To fully understand the behavior of graphene's electrons, scientists must study the material under an extreme environment of ultra-high vacuum, ultra-low temperatures and large magnetic fields. Under these conditions, the graphene sheet remains pristine for weeks, and the energy levels and interactions between the electrons can be observed with precision.
NIST recently constructed the world's most powerful and stable scanning-probe microscope, with an unprecedented combination of low temperature (as low as 10 millikelvin, or 10 thousandths of a degree above absolute zero), ultra-high vacuum and high magnetic field.
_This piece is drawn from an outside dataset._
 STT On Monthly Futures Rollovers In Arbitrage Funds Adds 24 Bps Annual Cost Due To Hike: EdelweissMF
In the first measurements made with this instrument, the team has used its power to resolve the finest differences in the electron energies in graphene, atom-by-atom.
"Going to this resolution allows you to see new physics," said Young Jae Song, a postdoctoral researcher who helped develop the instrument at NIST and make these first measurements.
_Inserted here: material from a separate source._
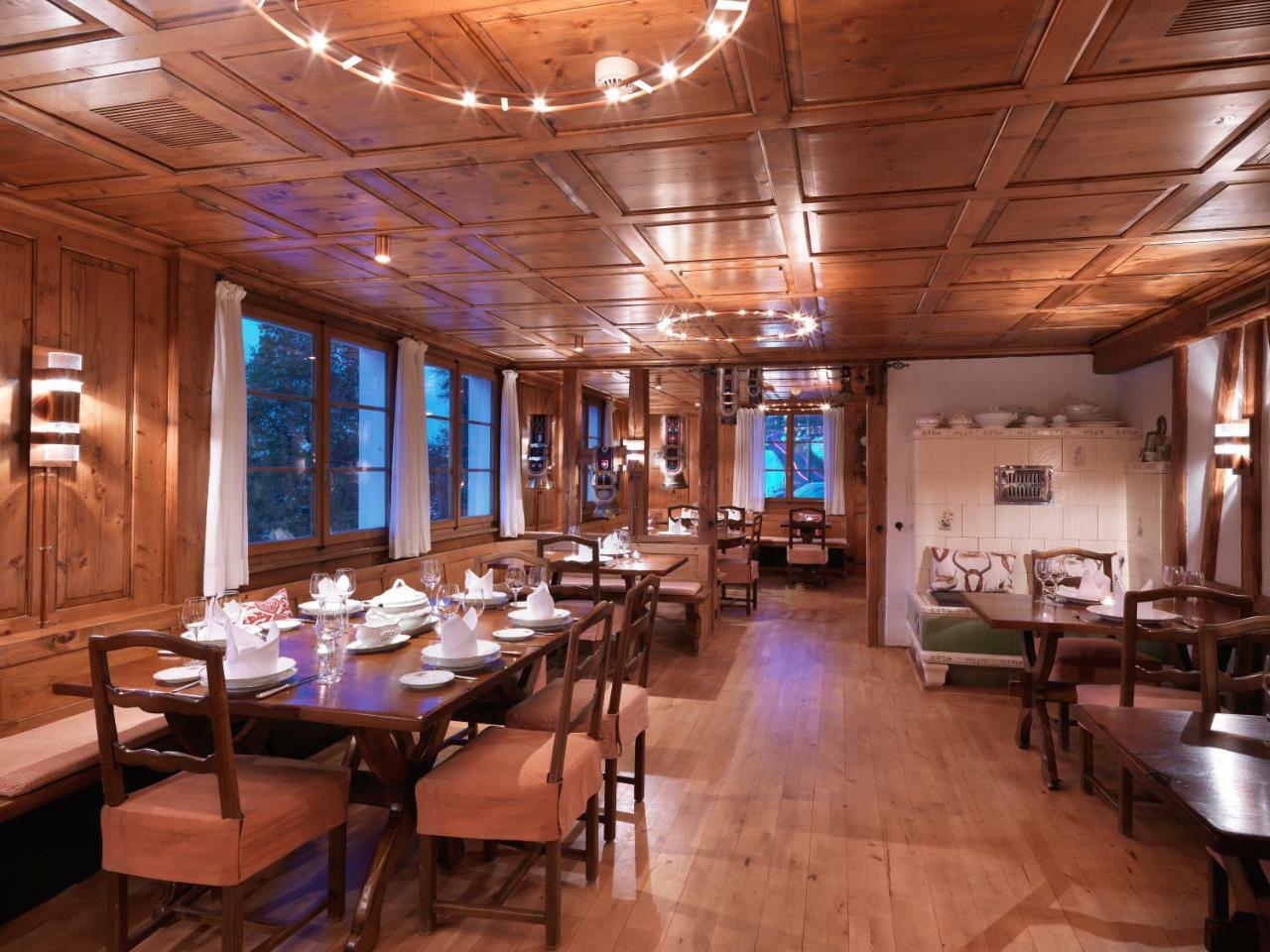 Hotel Restaurant Hammer Eigenthal Dış mekan fotoğraf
And the new physics the team saw raises a few more questions about how the electrons behave in graphene than it answers.
Because of the geometry and electromagnetic properties of graphene's structure, an electron in any given energy level populates four possible sublevels, called a "quartet." Theorists have predicted that this quartet of levels would split into different energies when immersed in a magnetic field, but until recently there had not been an instrument sensitive enough to resolve these differences.
"When we increased the magnetic field at extreme low temperatures, we observed unexpectedly complex quantum behavior of the electrons," said NIST Fellow Joseph Stroscio.
What is happening, according to Stroscio, appears to be a "many-body effect" in which electrons interact strongly with one another in ways that affect their energy levels.
One possible explanation for this behavior is that the electrons have formed a "condensate" in which they cease moving independently of one another and act as a single coordinated unit.
"If our hypothesis proves to be correct, it could point the way to the creation of smaller, very-low-heat producing, highly energy efficient electronic devices based upon graphene," said Shaffique Adam, a postdoctoral researcher who assisted with theoretical analysis of the measurements.
The research team, led by Joseph Stroscio, includes collaborators from NIST, the University of Maryland, Seoul National University, the Georgia Institute of Technology, and the University of Texas at Austin.
The group's work was also recently featured in Nature Physics, in which they describe how the energy levels of graphene's electrons vary with position as they move along the material's crystal structure. The way in which the energy varies suggests that interactions between electrons in neighboring layers may play a role.